People who have awoken to the dawn of a freer and more open society cannot be pushed backwards and kept permanently in darkness.  Like Dr. King, the Iranians who take part in the protest movement–even if they are a minority–engage in civil disobedience in order to “bring to the surface the hidden tension that is already alive” in their society.  Iranians have not always lived in fear of roaming militias or cyber-surveillance teams watching their every move online; nor have they been closed off to alternatives structures that value individual liberty over ideological fealty.

“Oppressed people cannot remain oppressed forever,” King said. 

The yearning for freedom eventually manifests itself, and that is what has happened to the American Negro. Something within has reminded him of his birthright of freedom, and something without has reminded him that it can be gained.

In the case of Iranians, the “something within” is the long and arduous journey toward a democratic system of governance–a journey that began with the Constitutional Revolution in 1906, caught a fleeting glimpse of success with Mohammad Mosaddeq in 1953, erupted chaotically in 1979, and has been brewing once again since June 12.  The “something without” is their forebears: Gandhi, Mandela, King, and Walesa.

I agree with the Leveretts’ conclusion that Iran’s government is not about to crumble under the pressure of the protest movement.  But I believe now more than ever before that democratic change in Iran is bound to occur eventually.  The events of the past seven months have revealed a conflict embedded deep within Iran that will not go away.  It might be suppressed for awhile, but it won’t be extinguished. The struggle for rights will continue, and, to paraphrase President Obama on the night of his election, the Iranian people will “put their hands on the arc of history and bend it once more toward the hope of a better day.”

Posted By Patrick Disney

    5 Responses to “Letter from a Tehran Jail”

  1. Iranian-American says:

    ““white moderate, who is more devoted to ‘order’ than to justice,” more concerned with the negative peace of the status quo than with bringing about that which is right through urgent action.”

    We have all definitely witnessed those who are more concerned with the negative peace of the status quo than bringing about what is right. Such people remain the biggest obstacle to bringing about what is right in Iran. This regime has very few “strong supporters”. What support it does have is exactly from those more devoted to order than to justice.

    As for these 3 questions. I think it is becoming increasingly clear what the opposition wants, even if it does imply a significant and what some would call radical change– basic freedoms enjoyed by people in Europe and the USA (e.g. freedom of speech, assembly, press). It’s true the movement is currently without a leader. I’m honestly not sure why people make such a big deal about this. Yes, if you expect a revolution by the end of the month, the fact that the opposition movement doesn’t have a leader is troubling. This movement is in its early stages. All the evidence seems to suggest that the movement is not only not going away, but is gaining supporters. A leader will come when the time is right. The third question is even more premature than the second. It is not clear what the process will be because it is not clear how the government will react. Iran is impossible to predict in general, and this crisis is even harder to predict by Iran’s standards.

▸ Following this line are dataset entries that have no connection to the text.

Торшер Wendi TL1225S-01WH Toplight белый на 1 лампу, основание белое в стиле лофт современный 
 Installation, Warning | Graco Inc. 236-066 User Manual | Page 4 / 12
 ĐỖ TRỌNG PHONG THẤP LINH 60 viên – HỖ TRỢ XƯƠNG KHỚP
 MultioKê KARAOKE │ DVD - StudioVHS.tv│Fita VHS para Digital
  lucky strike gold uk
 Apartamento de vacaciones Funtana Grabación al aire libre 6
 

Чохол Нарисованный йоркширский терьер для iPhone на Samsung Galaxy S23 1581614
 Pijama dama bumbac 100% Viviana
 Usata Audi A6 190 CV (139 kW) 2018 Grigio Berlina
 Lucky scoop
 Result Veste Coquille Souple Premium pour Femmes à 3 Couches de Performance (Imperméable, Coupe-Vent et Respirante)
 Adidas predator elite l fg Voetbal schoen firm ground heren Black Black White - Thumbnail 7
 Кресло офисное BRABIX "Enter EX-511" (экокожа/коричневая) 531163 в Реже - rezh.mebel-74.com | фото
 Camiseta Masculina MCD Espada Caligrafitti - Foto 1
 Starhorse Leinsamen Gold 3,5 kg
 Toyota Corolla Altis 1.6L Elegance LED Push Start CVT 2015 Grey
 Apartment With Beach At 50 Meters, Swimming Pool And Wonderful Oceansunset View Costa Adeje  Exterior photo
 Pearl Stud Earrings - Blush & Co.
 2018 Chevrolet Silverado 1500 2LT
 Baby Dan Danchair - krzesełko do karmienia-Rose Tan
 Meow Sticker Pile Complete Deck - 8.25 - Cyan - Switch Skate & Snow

    There is a point here. It is silly to expect a full-blown revolution in the coming months. I like the Dr. Martin Luther King Jr. reference. I haven’t read the essay, but now I will.

    Thanks for the article.

  2. Pirouz says:

    Thought provoking post, Patrick. Having lived through those days, I can offer the following:

    In your criticism of the Leveretts, you completely ignore their analogy of the US rapprochement with China, which incidentally took place during the height of the Cultural Revolution. What’s more, the Leveretts’ extend the analogy forward to the Tiananmen Square crackdown, and pose the question of what were to have happened if the human rights issue had dictated relations (and internal intervention efforts) for the US and China. Where would we be today if that were to have taken place? Really, this is more relevant to the Leveretts’ stated position than your MLK analogy.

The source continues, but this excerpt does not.